Ask any Shanghainese about their favorite appetizer and chances are they will mention bran dough. But what the heck is bran dough? You ask. Well, even most Shanghai natives are at a lost for how to explain this very Shanghainese food ingredient to foreigners. It looks like bread yet has a mild tofu-like flavor. Indeed many people mistake it as a soy product. But it is really a type of gluten product and is originally from Shanghai. Similar to seitan the dough is made from wheat gluten with bran added for extra texture. Yeast is also added to raise the dough, which is steamed into a spongy cake before being sold in blocks.

There are many ways to prepare bran dough but it is almost always cooked in a braising liquid that flavors the dough. The best know preparation is called Four Happiness Bran Dough (四喜烤麩). The four happiness in this dish traditionally refers to wood ear mushrooms, dried lily flower buds, peanuts and bamboo shoots. But many recipes interpret them differently. Some call for dried shiitake mushrooms, daikon radishes, carrots or lotus seeds. Personally I prefer the traditional list. The ingredients are cooked together in a rich soy sauce braising liquid.
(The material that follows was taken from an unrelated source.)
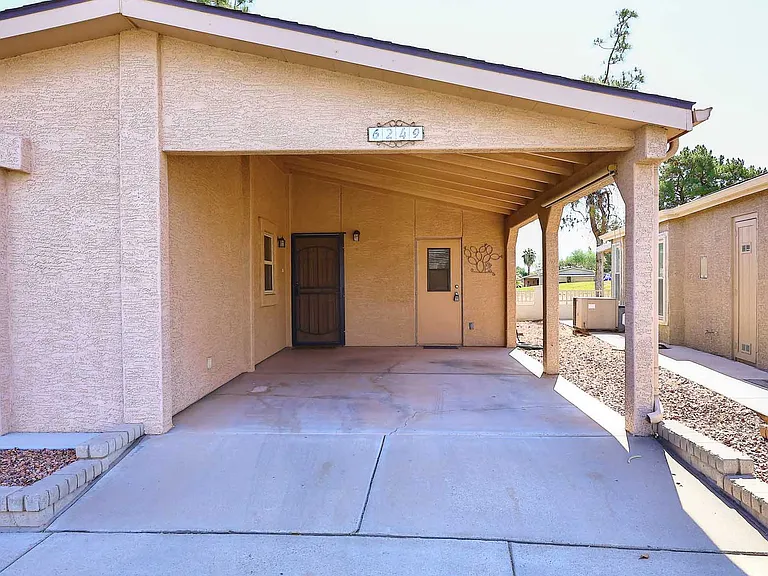 6249 S Pinehurst Dr — Photo 12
It is usually served at room temperature dressed with sesame oil. The dish tastes slightly sweet and full of earthy flavors from the wood ear mushrooms and lily flower buds. It definitely makes an excellent appetizer before a grand meal.
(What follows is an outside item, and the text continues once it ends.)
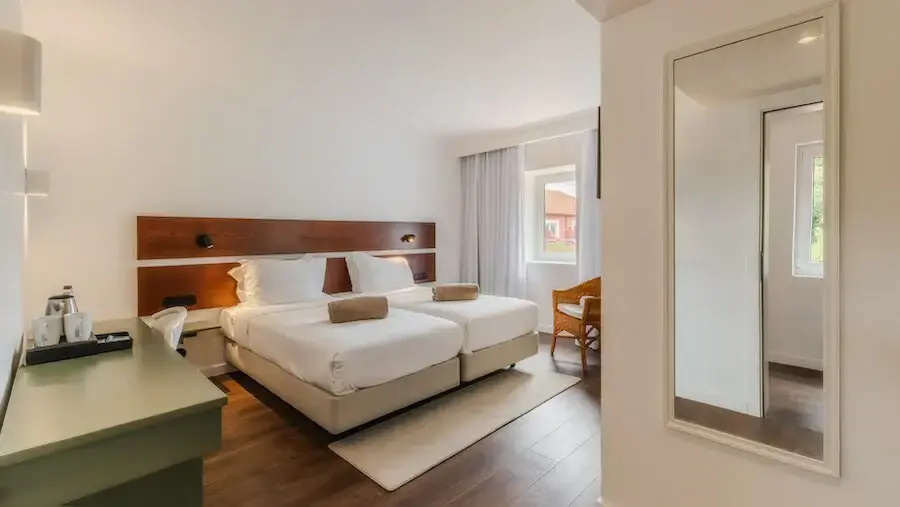 Double room with garden view (twin beds)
In China bran dough is sold fresh in blocks. They can be found in the refrigerated section near the tofu products. For years only the dried version was available in America. Recently, however, I’ve been able to obtain them fresh in Chinatown markets. One brand is made locally in Queens and others imported from China.
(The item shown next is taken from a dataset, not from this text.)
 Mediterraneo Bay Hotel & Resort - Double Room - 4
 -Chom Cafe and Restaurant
Last week I invited the two friends, who visited me in Shanghai, for dinner. I served Four Happiness Bran Dough made from the recipe below. I finish the dish with extra chili oil and chopped pickled chili because they both love spicy Chinese food. Apparently this was the first time they’ve eaten bran dough in America. They were delighted because they have been searching for bran dough in every Chinese restaurant they visited ever since returning from China.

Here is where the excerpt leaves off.